Bilderstrecke: Mit Genossenschaften können die Menschen dafür sorgen, dass ihre Heimat lebenswert bleibt. Zehn Beispiele.
Es gibt schöne Wirtshäuser in Bayern. Der Schweinsbraten schmeckt, genauso wie der Krautsalat und das Bier, aber man geht nicht noch einmal hin. Wieso? Vielleicht weil diese Läden keine Seele haben. Und dann gibt es Lokale, in denen man sich auf Anhieb wohlfühlt, ohne unbedingt zu wissen, warum. Weil sie ein Gefühl erzeugen, ein wohlig-warmes. Griabig würde man in Bayern sagen. Genau so ergeht es einem in der „Fanni“, einer Wirtschaft in Pischelsdorf, die nach 40 Jahren wieder eröffnet wurde.
Fanni kennt jeder alteingesessene Pischelsdorfer. Fanni war eine kleine, resolute, durchsetzungsstarke Frau, ein Original. Sie war jahrzehntelang die Wirtin in Pischelsdorf. Fanni wusste, was sie wollte. Noch an ihrem Sterbebett mussten die Erben der 92-Jährigen versprechen, die Wirtschaft nicht zu verkaufen, sie sollte in der Familie bleiben. Die betagte Frau hing an ihrem ehemaligen Lokal, dem Herz des Dorfs.
Die Erben hielten ihr Versprechen. Das Gebäude blieb im Besitz der Familie Goldbach. Bis zum Jahr 2019. Damals konnten einige Dorfbewohner sie überzeugen, das Gebäude der Gemeinde zu verkaufen, sodass die Chance bestand, die ehemalige Wirtschaft irgendwann wieder als Dorfmittelpunkt zu eröffnen. Vier Jahre später wurde diese Vision Wirklichkeit. Seit dem 29. Juli 2023 hat Pischelsdorf wieder eine eigene Gastwirtschaft.
Die „Fanni“ blieb lange Zeit in Familienbesitz
Fanni wäre stolz, wenn sie sehen würde, was aus ihrer ehemaligen Wirtschaft geworden ist. Das Gebäude im Sankt-Michael-Weg 1 mit den petrolfarbenen Fensterläden und Türen gleich neben dem alten Kastanienbaum macht einiges her.
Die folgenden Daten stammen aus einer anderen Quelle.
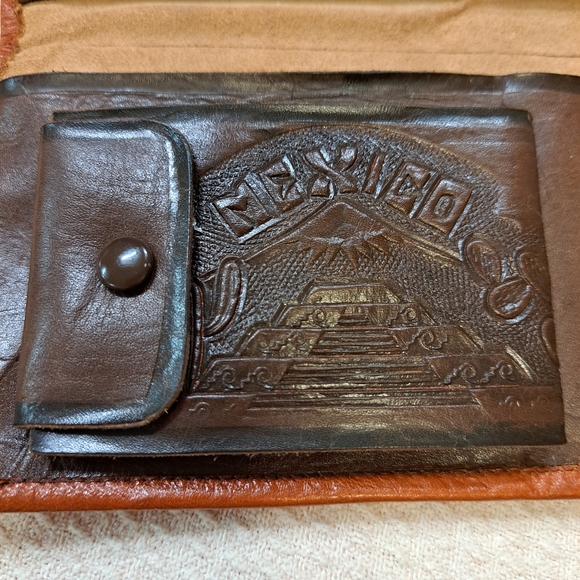 Alejandro Yeo Clutch Wallet Hand Tooled Pure Leather Floral Engraved With Mexico - Picture 8 of 16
Dass das Gasthaus heute so dasteht, war harte Arbeit, ein Mammut-Projekt für den 400-Einwohner-Ort Pischelsdorf. Doch im Reichertshausener Ortsteil gibt es engagierte Menschen, die anpacken, statt zu lamentieren. Die Zeit und Herzblut investieren – in ihrer Freizeit, ehrenamtlich. Menschen wie Konrad Moll und Norbert Bergmeier, die beiden Vorstände der Dorfheim Fanni eG.
3.300 Arbeitsstunden für die „Fanni“
„3.300 Arbeitsstunden haben wir hier reingesteckt“, sagt Bergmeier. Mit „wir“ meint er ein motiviertes Team von Pischelsdorfern, die 2020 den Plan fassten, die „Fanni“ nach fast vier Jahrzehnten wiederzueröffnen und das zum Teil 160 Jahre alte Gebäude zu restaurieren.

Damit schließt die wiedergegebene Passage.